MYBAS1 research can be contextualized within the broader landscape of lncRNA studies in hematologic disorders:
Comparative expression profiling:
Pathway integration analysis:
Investigate how MYBAS1 complements or antagonizes other lncRNAs in key signaling pathways
Map MYBAS1 functions within the context of:
Cell cycle regulation networks
Apoptotic pathways
Transcriptional control mechanisms
Clinical correlation approaches:
Therapeutic targeting considerations:
Position MYBAS1 within the framework of lncRNAs being evaluated as therapeutic targets
Compare targetability to other lncRNAs with established roles in lymphomagenesis
Analyze potential for combination approaches targeting multiple lncRNAs
By integrating MYBAS1 research with the broader context of lncRNAs in hematologic disorders, researchers can identify convergent mechanisms and develop more comprehensive models of lncRNA function in disease pathogenesis .

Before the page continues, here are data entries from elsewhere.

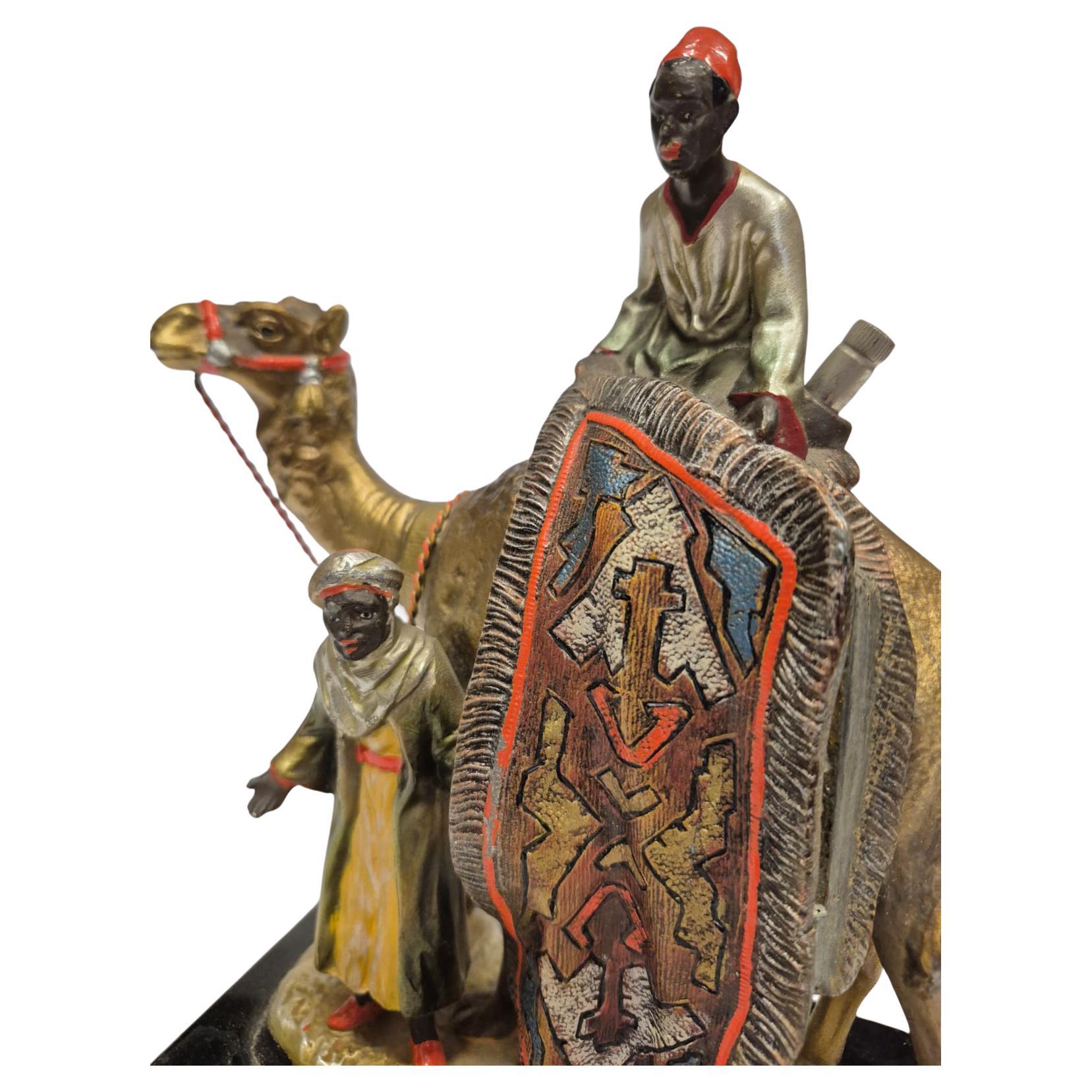 Antique Viennese table lighter made of cold-painted bronze with carpet seller and camel around 1930, good condition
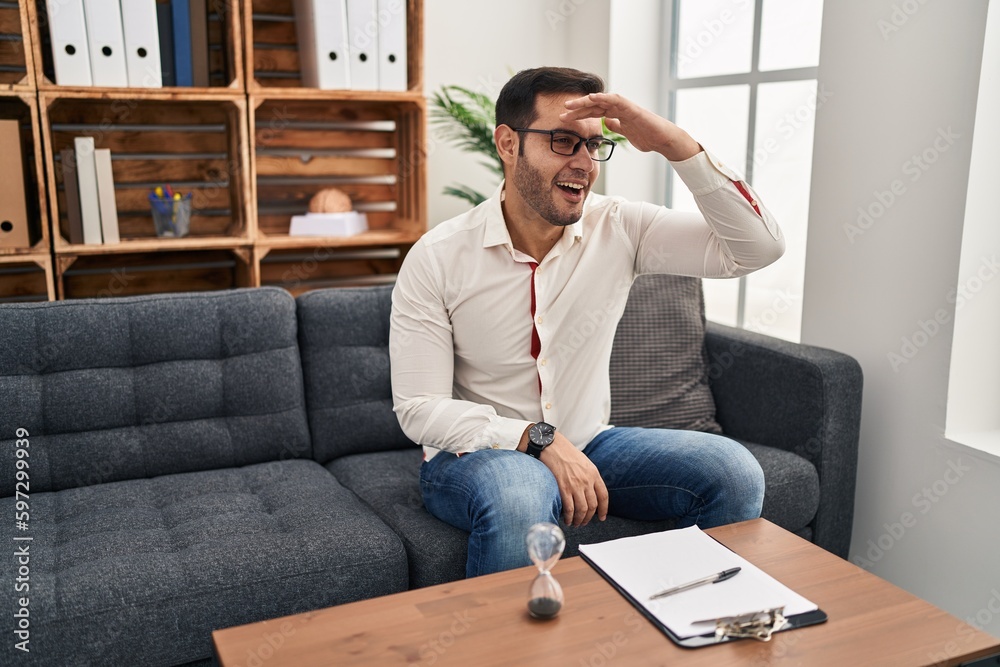 Young hispanic man with beard working at consultation office very happy and smiling looking far away with hand over head. searching concept. Young hispanic man with beard working at consultation office very happy and smiling looking far away with hand over head. searching concept.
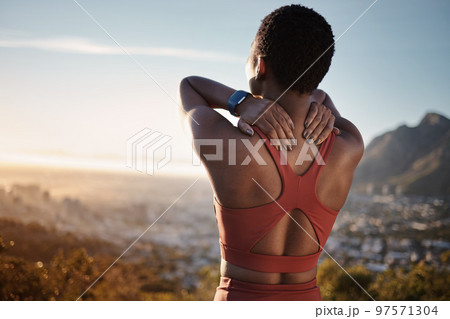 Black woman, stretching and fitness on mountain for relax training, cardio workout or runner freedom outdoor. African woman, athlete warm up and stretch arms, back and focus in nature for sunset 97571304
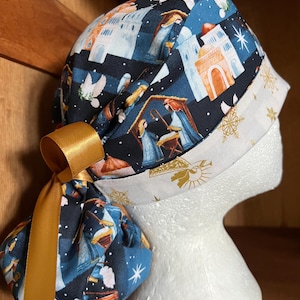 May include: A scrub cap featuring a dark blue fabric with a repeating nativity scene print, including figures in a stable and architectural structures. The cap has a white band with gold snowflake patterns and a solid gold ribbon tied at the back.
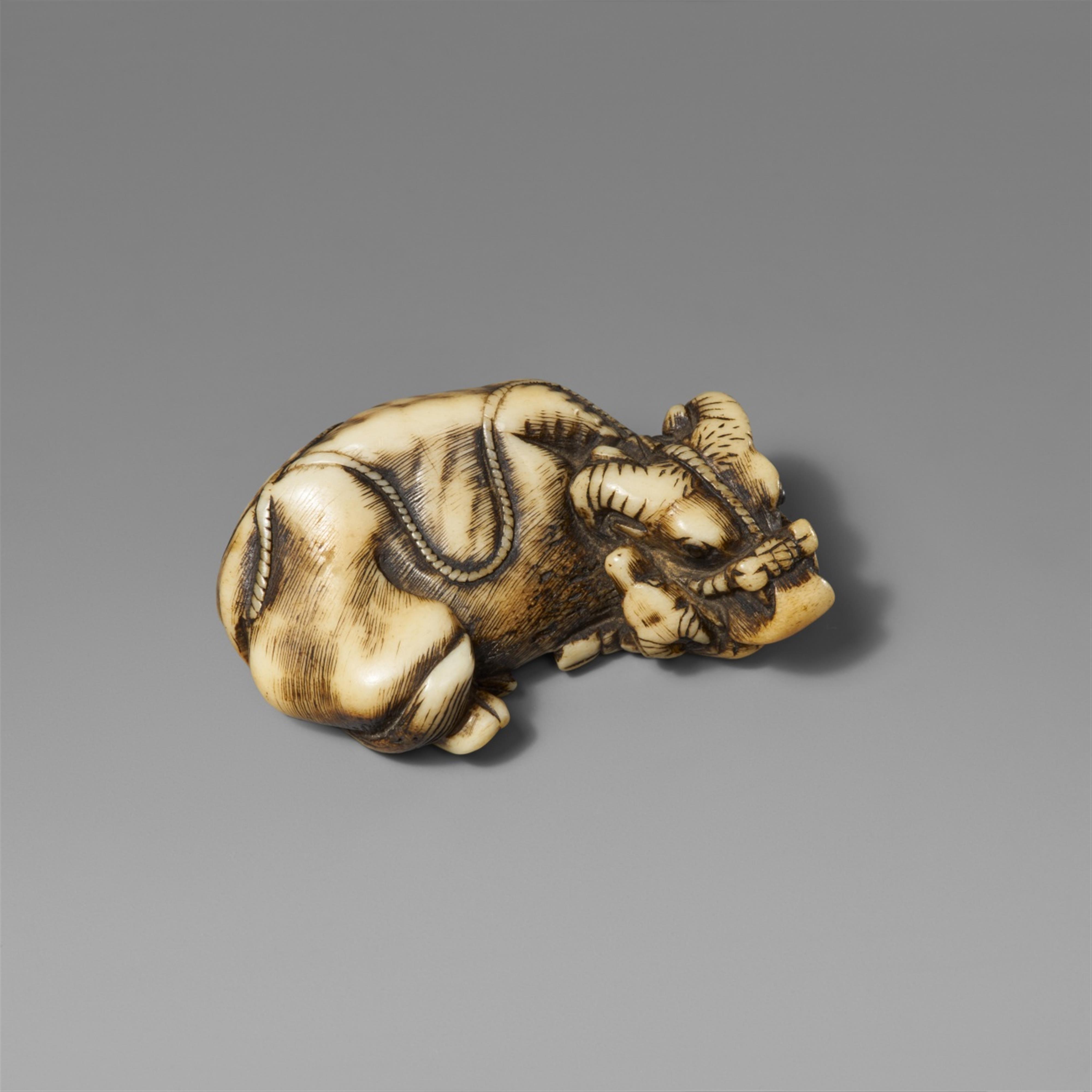 A stag antler netsuke of a recumbent ox with calf. Early 19th century  - image-1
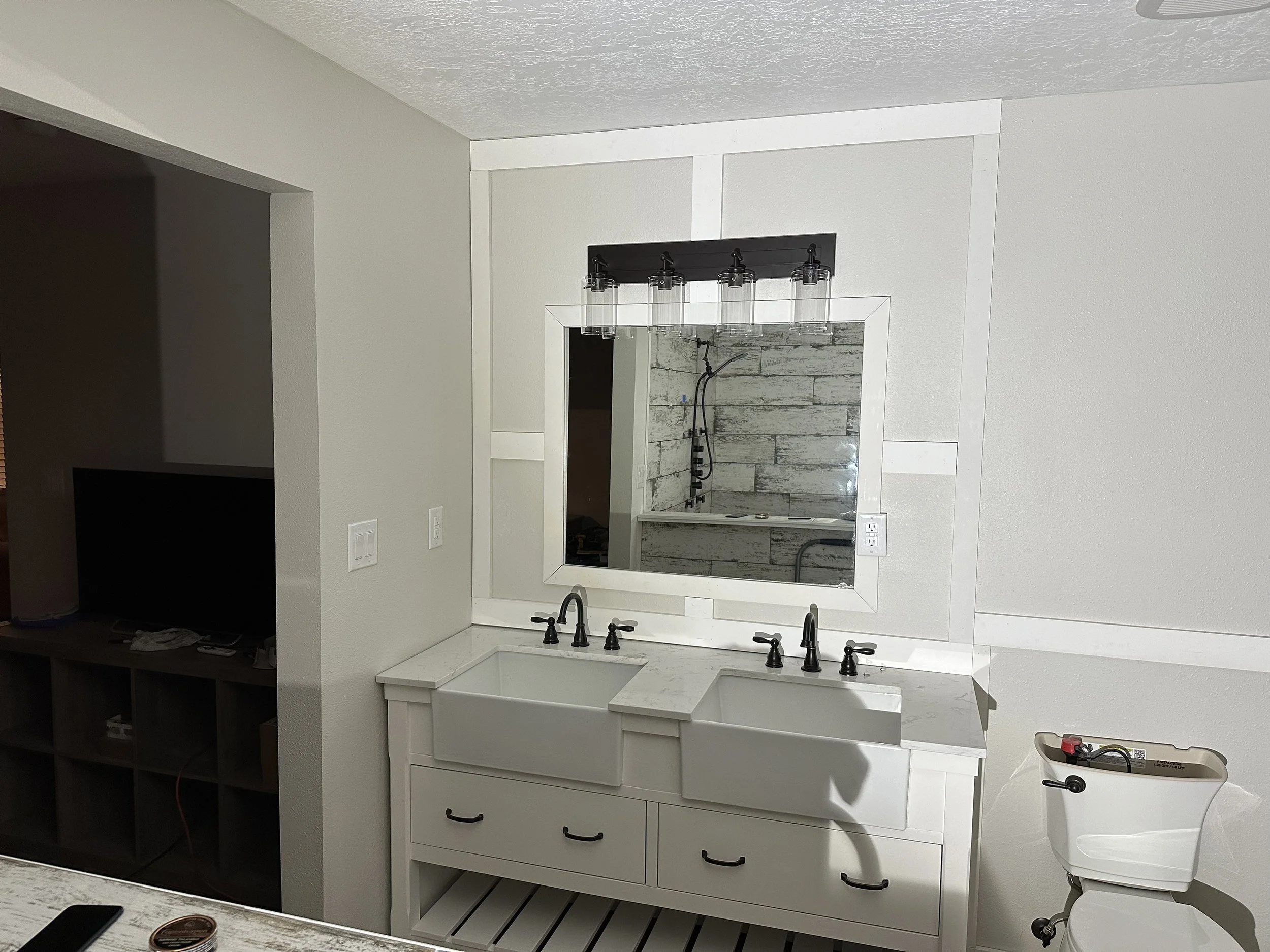 Interior of a bathroom under renovation with a white farmhouse sink, black fixtures, a wall mirror, and a partially tiled wall. A black chandelier hangs above the sink.
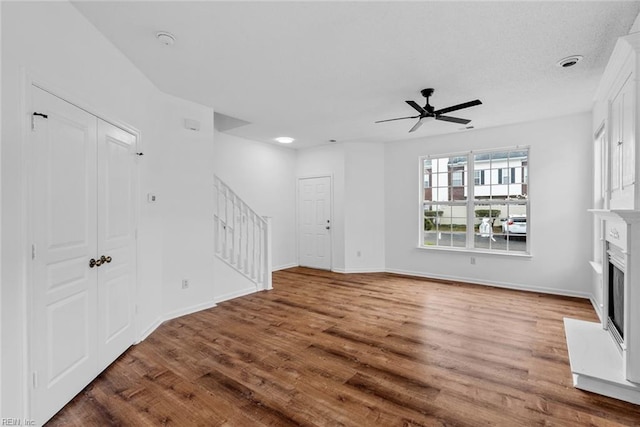 unfurnished living room with hardwood / wood-style floors and ceiling fan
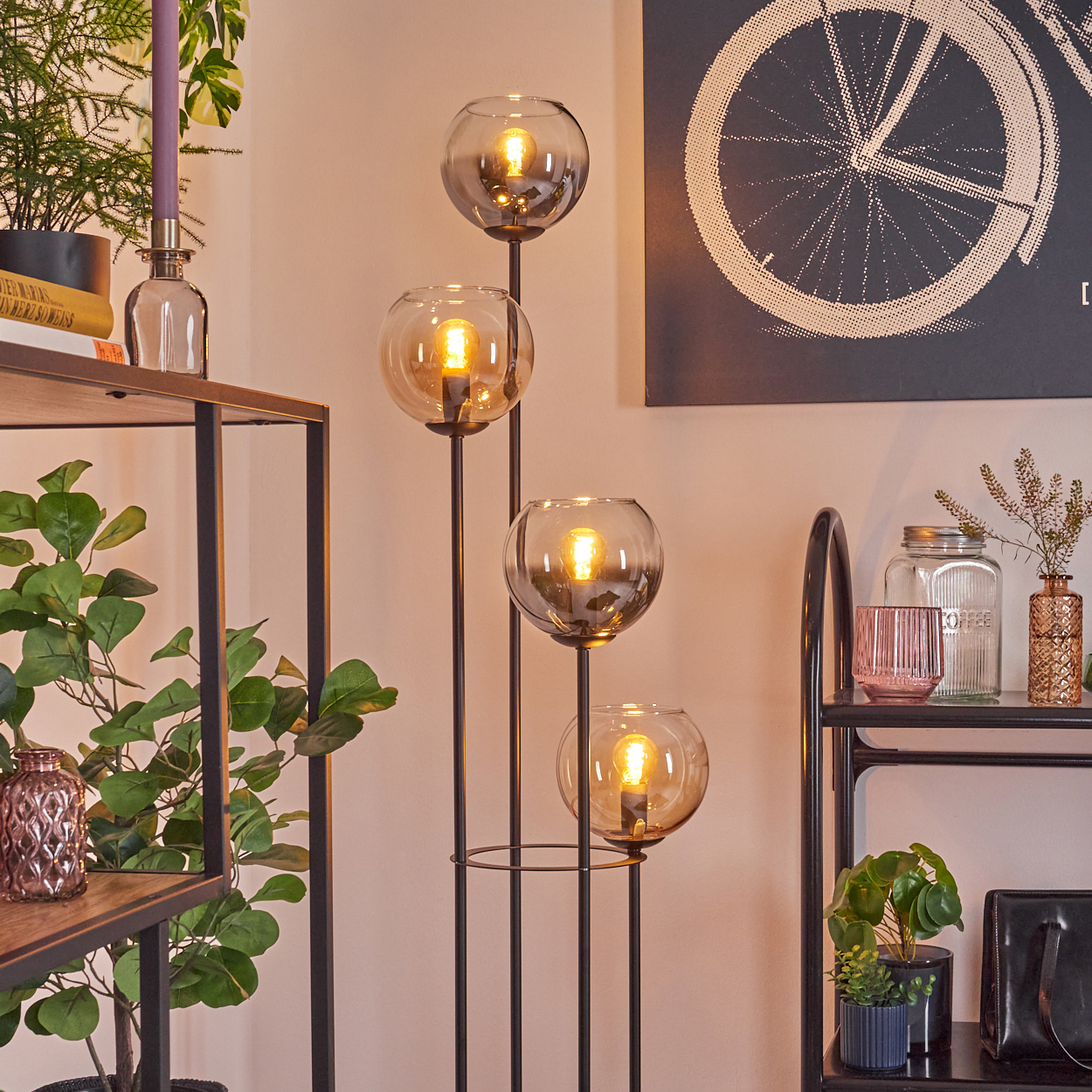 Eine moderne Stehlampe mit vier Glaskugeln, beleuchtet, steht in einem Raum mit Regalen und Pflanzen. Ein Fahrradrad-Kunstwerk an der Wand.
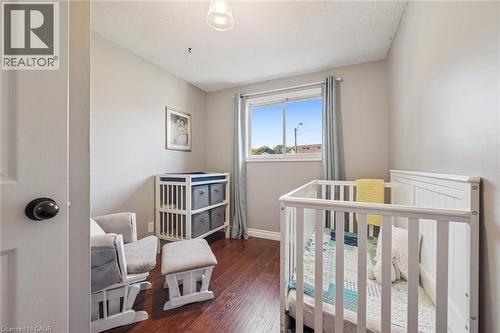 Wood-finish flooring with a neutral wall color, white trim, and a window with curtains - 460 Parkview Crescent, Cambridge, ON - Indoor Photo Showing Bedroom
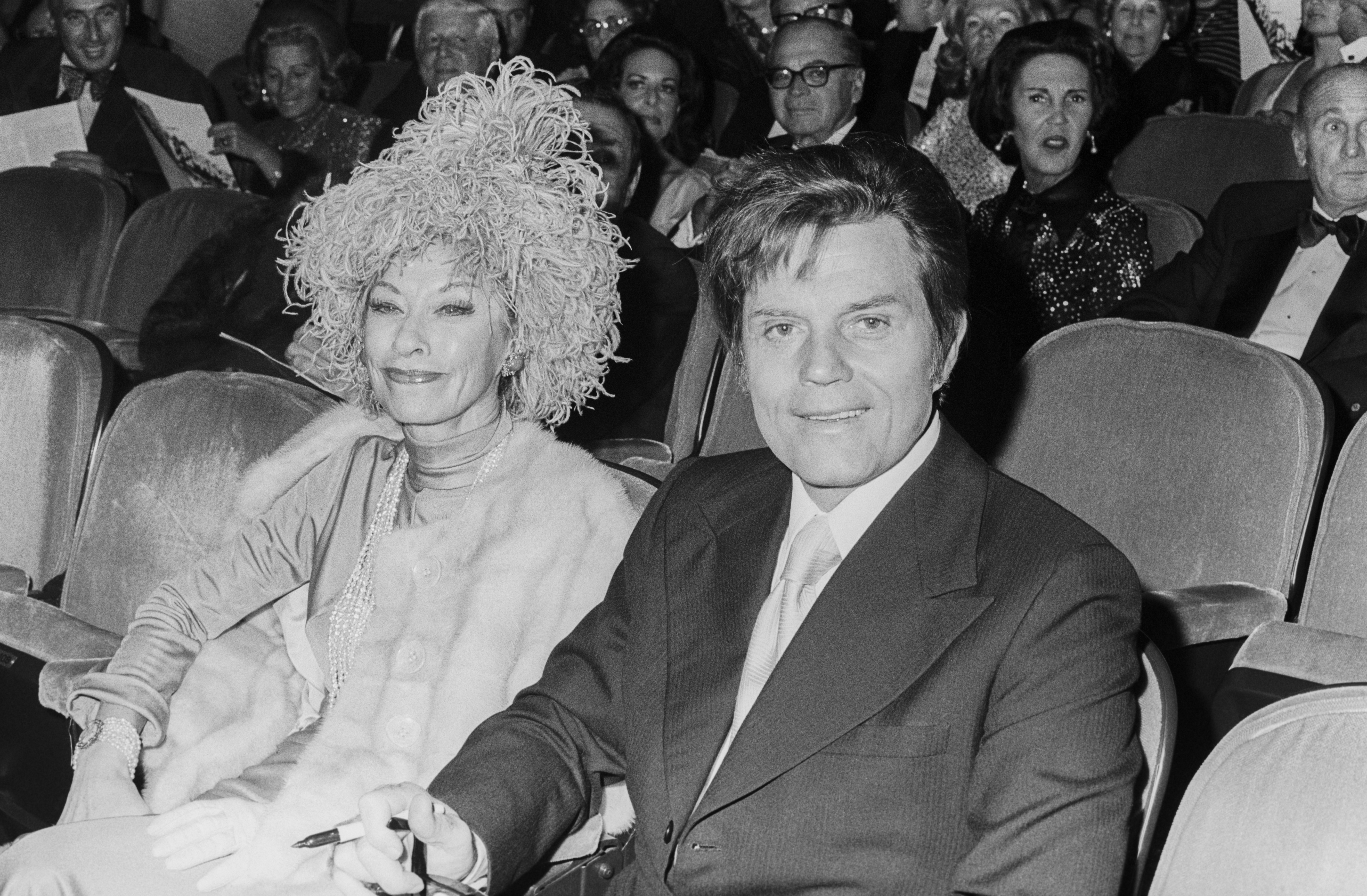 Jack Lord with his wife Marie De Narde seated in a New York theater; circa 1970. | Source: Getty Images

Researchers can employ these computational methods to better understand MYBAS1 function:
Structural prediction and analysis:
RNA secondary structure prediction to identify functional domains
Molecular dynamics simulations of MYBAS1-protein interactions
Structure-based functional annotation through comparative modeling
Network-based approaches:
Co-expression network analysis to identify functional modules
Protein-RNA interaction networks to predict binding partners
Pathway enrichment analysis to contextualize MYBAS1 within cellular processes
Machine learning applications:
Supervised learning models to predict MYBAS1 targets based on sequence features
Deep learning approaches to integrate multi-omics data
Natural language processing of literature to identify emerging functional connections
Systems biology integration:
Genome-scale metabolic modeling to predict metabolic impacts
Agent-based modeling of cellular responses to MYBAS1 perturbation
Multi-scale modeling to connect molecular interactions to cellular phenotypes
These computational approaches can guide experimental design and help interpret complex experimental results, providing a more comprehensive understanding of MYBAS1 function in biological systems.